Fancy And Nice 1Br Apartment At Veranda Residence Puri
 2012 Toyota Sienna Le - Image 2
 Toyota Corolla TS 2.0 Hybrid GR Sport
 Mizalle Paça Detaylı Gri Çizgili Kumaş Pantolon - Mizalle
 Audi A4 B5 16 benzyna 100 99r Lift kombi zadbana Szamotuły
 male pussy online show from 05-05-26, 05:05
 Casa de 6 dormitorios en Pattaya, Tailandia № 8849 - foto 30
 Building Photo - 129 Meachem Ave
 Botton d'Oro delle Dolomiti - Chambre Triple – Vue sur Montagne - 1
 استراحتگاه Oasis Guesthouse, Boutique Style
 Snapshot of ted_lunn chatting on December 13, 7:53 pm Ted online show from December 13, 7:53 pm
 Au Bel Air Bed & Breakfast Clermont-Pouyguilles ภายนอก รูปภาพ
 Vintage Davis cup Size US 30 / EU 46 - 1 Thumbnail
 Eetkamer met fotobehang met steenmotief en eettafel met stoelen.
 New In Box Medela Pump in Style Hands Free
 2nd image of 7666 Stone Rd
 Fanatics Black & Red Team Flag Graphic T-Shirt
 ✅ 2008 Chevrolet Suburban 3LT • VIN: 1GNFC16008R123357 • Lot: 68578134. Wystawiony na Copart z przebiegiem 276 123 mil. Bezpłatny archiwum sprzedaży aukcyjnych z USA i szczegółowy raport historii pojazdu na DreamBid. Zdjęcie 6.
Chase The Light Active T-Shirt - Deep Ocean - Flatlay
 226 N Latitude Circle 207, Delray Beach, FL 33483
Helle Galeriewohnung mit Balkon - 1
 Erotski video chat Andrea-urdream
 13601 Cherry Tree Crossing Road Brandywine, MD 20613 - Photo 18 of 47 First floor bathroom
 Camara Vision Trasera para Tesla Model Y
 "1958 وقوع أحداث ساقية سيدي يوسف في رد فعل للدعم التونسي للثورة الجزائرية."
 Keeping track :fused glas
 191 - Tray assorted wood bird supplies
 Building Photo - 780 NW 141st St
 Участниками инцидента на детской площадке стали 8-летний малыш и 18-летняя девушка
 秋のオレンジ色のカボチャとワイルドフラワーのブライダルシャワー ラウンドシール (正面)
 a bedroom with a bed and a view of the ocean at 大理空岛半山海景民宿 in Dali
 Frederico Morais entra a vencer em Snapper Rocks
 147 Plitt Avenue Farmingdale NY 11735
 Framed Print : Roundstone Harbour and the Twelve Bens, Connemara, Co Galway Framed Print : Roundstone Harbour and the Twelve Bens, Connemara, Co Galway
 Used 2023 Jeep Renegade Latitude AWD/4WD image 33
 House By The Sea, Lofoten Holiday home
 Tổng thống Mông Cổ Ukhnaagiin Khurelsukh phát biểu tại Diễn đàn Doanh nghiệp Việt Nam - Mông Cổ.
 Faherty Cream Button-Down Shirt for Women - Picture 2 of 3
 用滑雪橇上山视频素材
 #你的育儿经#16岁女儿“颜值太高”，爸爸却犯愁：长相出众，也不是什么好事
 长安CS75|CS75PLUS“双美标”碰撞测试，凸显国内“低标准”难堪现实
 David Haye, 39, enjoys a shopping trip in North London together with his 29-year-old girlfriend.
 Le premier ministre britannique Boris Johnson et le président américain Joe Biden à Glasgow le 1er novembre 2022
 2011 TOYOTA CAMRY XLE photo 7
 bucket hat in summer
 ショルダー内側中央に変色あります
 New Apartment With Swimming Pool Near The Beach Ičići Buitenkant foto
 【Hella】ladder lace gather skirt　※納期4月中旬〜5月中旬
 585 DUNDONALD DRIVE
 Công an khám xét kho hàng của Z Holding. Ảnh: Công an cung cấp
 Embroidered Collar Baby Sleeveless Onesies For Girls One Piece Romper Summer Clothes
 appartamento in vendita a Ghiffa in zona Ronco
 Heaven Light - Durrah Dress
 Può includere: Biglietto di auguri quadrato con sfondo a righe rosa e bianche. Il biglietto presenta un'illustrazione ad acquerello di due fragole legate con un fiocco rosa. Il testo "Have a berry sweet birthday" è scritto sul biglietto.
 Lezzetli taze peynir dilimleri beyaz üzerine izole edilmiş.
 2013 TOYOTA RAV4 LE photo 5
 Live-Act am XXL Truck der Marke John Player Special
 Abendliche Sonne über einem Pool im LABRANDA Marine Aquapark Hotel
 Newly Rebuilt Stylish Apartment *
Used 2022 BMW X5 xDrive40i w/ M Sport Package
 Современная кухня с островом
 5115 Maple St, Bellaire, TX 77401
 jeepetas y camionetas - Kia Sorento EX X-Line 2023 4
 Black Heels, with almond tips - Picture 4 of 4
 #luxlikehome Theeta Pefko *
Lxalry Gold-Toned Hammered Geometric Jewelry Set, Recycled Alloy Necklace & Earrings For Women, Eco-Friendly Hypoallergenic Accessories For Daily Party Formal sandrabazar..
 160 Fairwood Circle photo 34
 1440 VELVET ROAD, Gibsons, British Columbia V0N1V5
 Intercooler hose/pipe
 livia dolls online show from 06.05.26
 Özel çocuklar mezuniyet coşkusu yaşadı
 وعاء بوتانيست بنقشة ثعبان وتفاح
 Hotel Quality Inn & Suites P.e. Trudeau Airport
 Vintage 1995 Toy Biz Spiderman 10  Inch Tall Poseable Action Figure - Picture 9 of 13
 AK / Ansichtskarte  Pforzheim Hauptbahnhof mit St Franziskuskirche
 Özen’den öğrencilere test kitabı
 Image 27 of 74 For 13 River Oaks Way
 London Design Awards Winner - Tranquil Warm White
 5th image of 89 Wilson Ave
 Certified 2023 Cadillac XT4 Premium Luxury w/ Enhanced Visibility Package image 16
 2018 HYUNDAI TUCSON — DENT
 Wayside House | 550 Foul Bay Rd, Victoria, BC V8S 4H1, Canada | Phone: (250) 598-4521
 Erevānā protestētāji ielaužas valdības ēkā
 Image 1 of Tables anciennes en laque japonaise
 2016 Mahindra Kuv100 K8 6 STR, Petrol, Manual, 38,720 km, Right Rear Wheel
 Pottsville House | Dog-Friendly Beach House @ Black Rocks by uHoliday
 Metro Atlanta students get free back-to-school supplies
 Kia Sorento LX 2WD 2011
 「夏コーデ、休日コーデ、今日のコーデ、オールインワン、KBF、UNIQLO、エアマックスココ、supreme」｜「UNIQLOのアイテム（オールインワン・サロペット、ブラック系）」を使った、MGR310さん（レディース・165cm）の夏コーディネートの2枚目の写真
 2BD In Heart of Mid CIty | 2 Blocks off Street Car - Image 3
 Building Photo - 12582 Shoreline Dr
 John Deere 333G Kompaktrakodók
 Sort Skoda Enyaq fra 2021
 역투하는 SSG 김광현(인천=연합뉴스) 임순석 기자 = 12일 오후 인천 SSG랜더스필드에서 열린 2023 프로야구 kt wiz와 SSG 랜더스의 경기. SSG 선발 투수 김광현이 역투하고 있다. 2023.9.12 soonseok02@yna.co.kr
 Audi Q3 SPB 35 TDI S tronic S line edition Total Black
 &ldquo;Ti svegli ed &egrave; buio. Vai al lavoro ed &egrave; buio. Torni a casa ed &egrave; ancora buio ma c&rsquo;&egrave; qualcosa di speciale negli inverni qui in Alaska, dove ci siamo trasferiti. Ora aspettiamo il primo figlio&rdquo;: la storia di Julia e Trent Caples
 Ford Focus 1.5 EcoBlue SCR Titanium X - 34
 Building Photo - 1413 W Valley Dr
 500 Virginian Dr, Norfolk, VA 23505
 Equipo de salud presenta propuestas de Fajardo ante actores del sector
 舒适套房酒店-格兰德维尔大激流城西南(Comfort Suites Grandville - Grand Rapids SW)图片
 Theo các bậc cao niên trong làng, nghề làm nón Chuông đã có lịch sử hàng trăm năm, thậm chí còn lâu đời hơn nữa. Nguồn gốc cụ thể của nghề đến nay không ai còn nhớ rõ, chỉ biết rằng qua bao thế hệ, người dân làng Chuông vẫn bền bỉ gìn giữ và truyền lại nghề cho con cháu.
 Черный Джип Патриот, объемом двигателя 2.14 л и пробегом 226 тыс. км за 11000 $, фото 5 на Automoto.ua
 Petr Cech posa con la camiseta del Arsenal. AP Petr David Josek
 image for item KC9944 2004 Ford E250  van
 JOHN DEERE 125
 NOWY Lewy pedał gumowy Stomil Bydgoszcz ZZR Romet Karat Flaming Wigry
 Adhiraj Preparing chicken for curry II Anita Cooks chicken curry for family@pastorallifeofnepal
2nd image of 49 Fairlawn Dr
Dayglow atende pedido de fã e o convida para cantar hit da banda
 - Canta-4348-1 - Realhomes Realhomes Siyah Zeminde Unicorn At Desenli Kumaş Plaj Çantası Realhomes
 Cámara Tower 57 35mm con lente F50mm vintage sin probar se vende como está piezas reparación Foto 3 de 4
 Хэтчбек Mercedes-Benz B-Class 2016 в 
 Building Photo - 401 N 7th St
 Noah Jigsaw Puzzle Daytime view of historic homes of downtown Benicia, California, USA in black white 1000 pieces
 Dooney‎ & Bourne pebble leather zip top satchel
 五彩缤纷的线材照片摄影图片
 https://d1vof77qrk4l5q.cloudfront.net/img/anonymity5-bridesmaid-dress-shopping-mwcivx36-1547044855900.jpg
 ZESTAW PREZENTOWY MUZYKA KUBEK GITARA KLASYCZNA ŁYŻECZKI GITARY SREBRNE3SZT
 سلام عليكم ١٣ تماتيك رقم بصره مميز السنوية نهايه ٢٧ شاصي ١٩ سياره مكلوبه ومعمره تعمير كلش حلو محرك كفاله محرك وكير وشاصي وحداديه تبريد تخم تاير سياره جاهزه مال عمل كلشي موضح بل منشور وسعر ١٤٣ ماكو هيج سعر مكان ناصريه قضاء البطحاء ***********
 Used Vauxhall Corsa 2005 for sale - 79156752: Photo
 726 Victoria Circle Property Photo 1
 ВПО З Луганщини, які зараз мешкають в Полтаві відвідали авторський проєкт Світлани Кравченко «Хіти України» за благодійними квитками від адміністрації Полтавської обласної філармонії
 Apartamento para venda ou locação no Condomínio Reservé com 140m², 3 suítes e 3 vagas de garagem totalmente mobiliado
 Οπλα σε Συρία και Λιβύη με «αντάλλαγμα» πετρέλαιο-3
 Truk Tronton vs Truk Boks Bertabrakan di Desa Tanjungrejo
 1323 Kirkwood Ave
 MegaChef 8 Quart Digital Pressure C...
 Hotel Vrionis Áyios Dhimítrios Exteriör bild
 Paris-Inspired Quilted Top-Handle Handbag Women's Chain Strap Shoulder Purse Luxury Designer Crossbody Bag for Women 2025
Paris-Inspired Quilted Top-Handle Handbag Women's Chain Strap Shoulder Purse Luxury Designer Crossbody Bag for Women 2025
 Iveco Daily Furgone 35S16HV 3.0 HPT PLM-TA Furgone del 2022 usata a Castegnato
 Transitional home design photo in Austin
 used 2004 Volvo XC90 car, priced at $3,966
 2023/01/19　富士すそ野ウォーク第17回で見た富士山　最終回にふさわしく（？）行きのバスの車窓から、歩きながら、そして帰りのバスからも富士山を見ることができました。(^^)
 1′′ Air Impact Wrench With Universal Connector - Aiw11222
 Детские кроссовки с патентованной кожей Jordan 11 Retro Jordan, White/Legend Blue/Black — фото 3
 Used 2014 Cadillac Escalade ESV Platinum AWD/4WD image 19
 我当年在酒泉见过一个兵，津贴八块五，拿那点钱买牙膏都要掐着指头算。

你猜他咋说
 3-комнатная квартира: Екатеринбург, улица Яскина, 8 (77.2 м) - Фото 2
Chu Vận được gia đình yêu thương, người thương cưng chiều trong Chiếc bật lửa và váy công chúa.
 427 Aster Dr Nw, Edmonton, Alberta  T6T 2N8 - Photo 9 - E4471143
------------------------
What the exercise asks:
Above are the records; from them, give again exactly the lines from the one containing "Toyota Corolla TS 2.0 Hybrid GR Sport" through the one containing "Eetkamer met fotobehang", both included.

Answer below:
 Toyota Corolla TS 2.0 Hybrid GR Sport
 Mizalle Paça Detaylı Gri Çizgili Kumaş Pantolon - Mizalle
 Audi A4 B5 16 benzyna 100 99r Lift kombi zadbana Szamotuły
 male pussy online show from 05-05-26, 05:05
 Casa de 6 dormitorios en Pattaya, Tailandia № 8849 - foto 30
 Building Photo - 129 Meachem Ave
 Botton d'Oro delle Dolomiti - Chambre Triple – Vue sur Montagne - 1
 استراحتگاه Oasis Guesthouse, Boutique Style
 Snapshot of ted_lunn chatting on December 13, 7:53 pm Ted online show from December 13, 7:53 pm
 Au Bel Air Bed & Breakfast Clermont-Pouyguilles ภายนอก รูปภาพ
 Vintage Davis cup Size US 30 / EU 46 - 1 Thumbnail
 Eetkamer met fotobehang met steenmotief en eettafel met stoelen.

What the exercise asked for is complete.